● Required action
Copying exactly, give the lines in the material below from the one with "floral kindle paper" to the one with "BMT DSG #76", ends included, and nothing besides.

Extracted material START

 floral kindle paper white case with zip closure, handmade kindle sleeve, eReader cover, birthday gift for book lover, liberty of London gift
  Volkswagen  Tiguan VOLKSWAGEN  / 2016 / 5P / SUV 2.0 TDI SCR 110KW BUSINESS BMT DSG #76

Extracted material END
Extracted material START

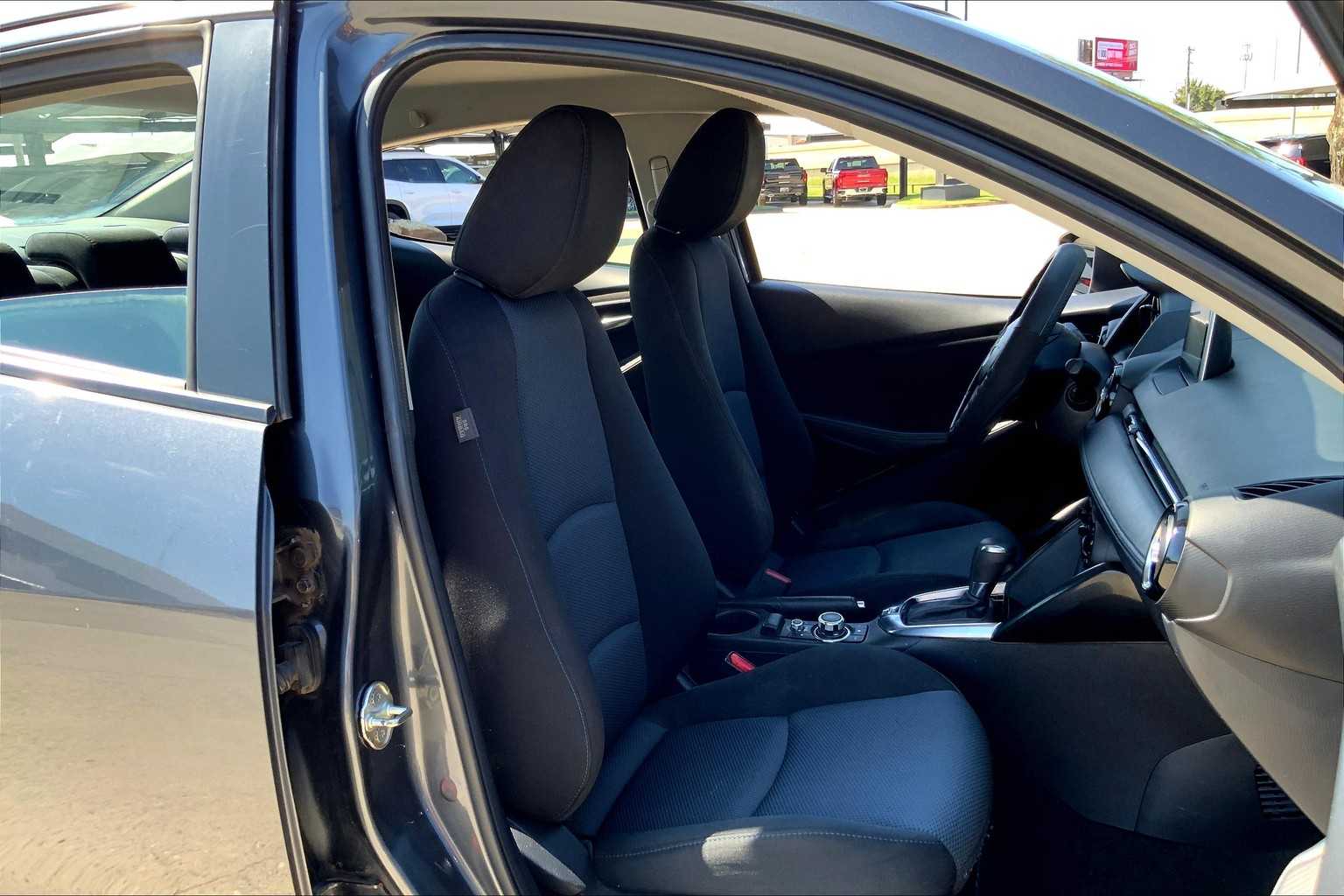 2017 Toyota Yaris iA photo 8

Extracted material END
Extracted material START

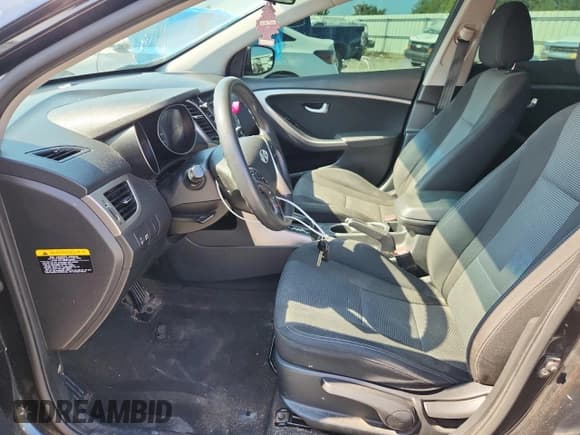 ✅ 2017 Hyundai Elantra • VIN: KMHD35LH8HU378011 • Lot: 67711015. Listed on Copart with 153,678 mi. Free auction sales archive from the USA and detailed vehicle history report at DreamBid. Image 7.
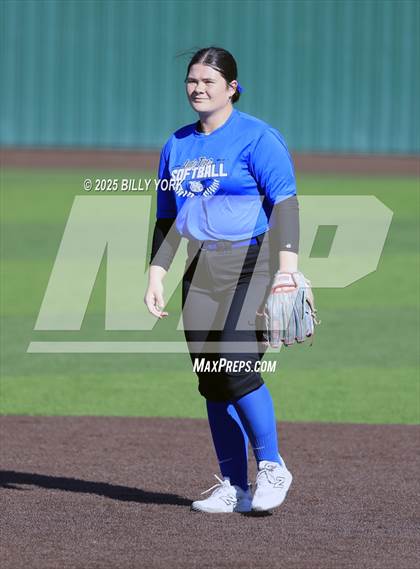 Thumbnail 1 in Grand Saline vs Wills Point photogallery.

Extracted material END

● Expected output
 floral kindle paper white case with zip closure, handmade kindle sleeve, eReader cover, birthday gift for book lover, liberty of London gift
  Volkswagen  Tiguan VOLKSWAGEN  / 2016 / 5P / SUV 2.0 TDI SCR 110KW BUSINESS BMT DSG #76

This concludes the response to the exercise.